Mientras sus hermanos, todavía muy pequeños, trasteaban por casa, Amparo, la hija mayor, jugaba a coser y a bordar junto a su madre. Con el tiempo, los tejidos acabarían siendo la cuerda en la que había de interpretar su arte particular, fascinada por lo que los trazos de las labores tenían en común con las escrituras en las páginas de los maravillosos libros que había en casa y con las partituras que su madre interpretaba al piano. Los tejidos como textos, como materia sensible –hace tiempo que trabaja con antiguas y gastadas fundas de almohada, sábanas familiares…– sobre las que ella hace bailar a los signos. Cosmografías, planos de ciudades desaparecidas, runas indescifrables. El arte textil aún no tenía cuando ella decidió su camino el predicamento que hoy ha alcanzado (con el peligro, todo hay que decirlo, de su confinamiento al espacio particular de una artesanía), pero Amparo comenzó a participar en convocatorias internacionales (en Londres; en Contextile, de Guimaraes; en la WTA…). Ante sus telas, el recuerdo de Annie Albers y su estirpe es inevitable, y más que el de las formas, el del eco inmemorial, el de la herencia que parecen haber recogido, casi sin saberlo, las manos que enhebran los hilos. Por lo demás, las tonalidades propias de Jesús de la Sota volverán a aparecer –grises de grafito, negros profundos, arcillas, blancos de caliza– en estas auténticas pinturas bordadas, sus abstractos equilibrios espaciales y la depurada modestia de aquellas formas sobre las que fueron educados sus ojos infantiles.

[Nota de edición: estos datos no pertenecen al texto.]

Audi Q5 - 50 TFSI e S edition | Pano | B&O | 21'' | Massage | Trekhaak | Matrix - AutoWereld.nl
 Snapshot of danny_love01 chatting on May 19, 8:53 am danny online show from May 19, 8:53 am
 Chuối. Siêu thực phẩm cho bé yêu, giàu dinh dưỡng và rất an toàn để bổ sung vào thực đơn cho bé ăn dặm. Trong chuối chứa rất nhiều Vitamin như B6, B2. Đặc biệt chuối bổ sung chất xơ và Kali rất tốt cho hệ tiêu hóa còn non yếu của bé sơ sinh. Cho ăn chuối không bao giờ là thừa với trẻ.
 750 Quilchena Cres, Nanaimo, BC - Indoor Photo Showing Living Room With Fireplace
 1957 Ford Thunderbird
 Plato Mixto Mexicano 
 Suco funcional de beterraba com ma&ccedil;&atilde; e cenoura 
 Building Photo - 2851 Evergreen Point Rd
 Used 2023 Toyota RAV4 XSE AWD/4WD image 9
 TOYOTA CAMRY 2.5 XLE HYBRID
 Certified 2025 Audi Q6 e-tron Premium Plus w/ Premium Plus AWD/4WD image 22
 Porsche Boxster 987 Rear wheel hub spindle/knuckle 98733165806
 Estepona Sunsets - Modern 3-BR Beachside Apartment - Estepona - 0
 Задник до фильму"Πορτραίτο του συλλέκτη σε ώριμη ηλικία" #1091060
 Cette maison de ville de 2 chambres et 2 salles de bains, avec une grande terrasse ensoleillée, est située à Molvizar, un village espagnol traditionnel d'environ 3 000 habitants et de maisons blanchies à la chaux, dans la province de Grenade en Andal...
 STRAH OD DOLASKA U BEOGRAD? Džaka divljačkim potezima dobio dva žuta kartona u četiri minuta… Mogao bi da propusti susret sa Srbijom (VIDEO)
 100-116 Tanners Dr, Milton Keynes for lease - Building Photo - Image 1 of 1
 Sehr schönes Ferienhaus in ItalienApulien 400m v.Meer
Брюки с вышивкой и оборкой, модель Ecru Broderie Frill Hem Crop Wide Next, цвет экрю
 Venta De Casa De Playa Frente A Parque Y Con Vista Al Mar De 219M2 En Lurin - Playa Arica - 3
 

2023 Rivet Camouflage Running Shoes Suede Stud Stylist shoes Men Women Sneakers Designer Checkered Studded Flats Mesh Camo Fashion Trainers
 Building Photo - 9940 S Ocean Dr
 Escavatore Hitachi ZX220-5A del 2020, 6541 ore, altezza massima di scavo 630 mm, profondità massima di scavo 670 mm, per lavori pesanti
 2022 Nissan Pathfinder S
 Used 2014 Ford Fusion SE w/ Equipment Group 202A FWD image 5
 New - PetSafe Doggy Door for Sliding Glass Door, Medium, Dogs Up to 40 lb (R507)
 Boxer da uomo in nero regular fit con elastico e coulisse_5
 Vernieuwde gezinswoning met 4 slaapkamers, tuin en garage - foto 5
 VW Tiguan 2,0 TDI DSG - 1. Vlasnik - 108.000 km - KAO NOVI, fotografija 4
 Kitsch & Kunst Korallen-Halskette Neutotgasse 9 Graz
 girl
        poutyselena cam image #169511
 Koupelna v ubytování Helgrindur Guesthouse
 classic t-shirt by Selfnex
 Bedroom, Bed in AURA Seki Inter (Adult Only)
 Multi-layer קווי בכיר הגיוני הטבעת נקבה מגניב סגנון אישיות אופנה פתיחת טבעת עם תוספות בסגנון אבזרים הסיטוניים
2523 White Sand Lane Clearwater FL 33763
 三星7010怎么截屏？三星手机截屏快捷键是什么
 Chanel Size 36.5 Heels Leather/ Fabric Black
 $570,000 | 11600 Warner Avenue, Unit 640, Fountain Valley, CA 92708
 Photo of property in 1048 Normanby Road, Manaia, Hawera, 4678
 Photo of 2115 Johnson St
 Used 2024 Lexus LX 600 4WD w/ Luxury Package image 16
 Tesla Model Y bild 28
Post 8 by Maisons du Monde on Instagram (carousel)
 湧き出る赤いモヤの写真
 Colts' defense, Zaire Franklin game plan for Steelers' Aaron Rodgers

Vi sus telas por primera vez en una rara galería, Biondetta, en la calle Almagro de Madrid, y desde entonces no ha prodigado mucho sus apariciones en solitario –es una De la Sota–, salvadas sus últimas exposiciones en otra sala, Tiempos Modernos. Como su padre, como sus hermanos, trabaja en un apartado rincón de la intimidad al que no llegan las consignas que llevan al éxito, ninguna voz del mundo del arte, ni de ningún mundo social o público, en realidad. Ese rasgo familiar cobra en ella una especial elocuencia.
Y, naturalmente, el retraimiento. Es una marca. En todos ellos hay una particular fidelidad del artista a la materia, una parquedad en el modo de hacerla hablar y de ponerse a su escucha, como una negación de sí mismos. (Enrique Andrés Ruiz es el comisario de la exposición).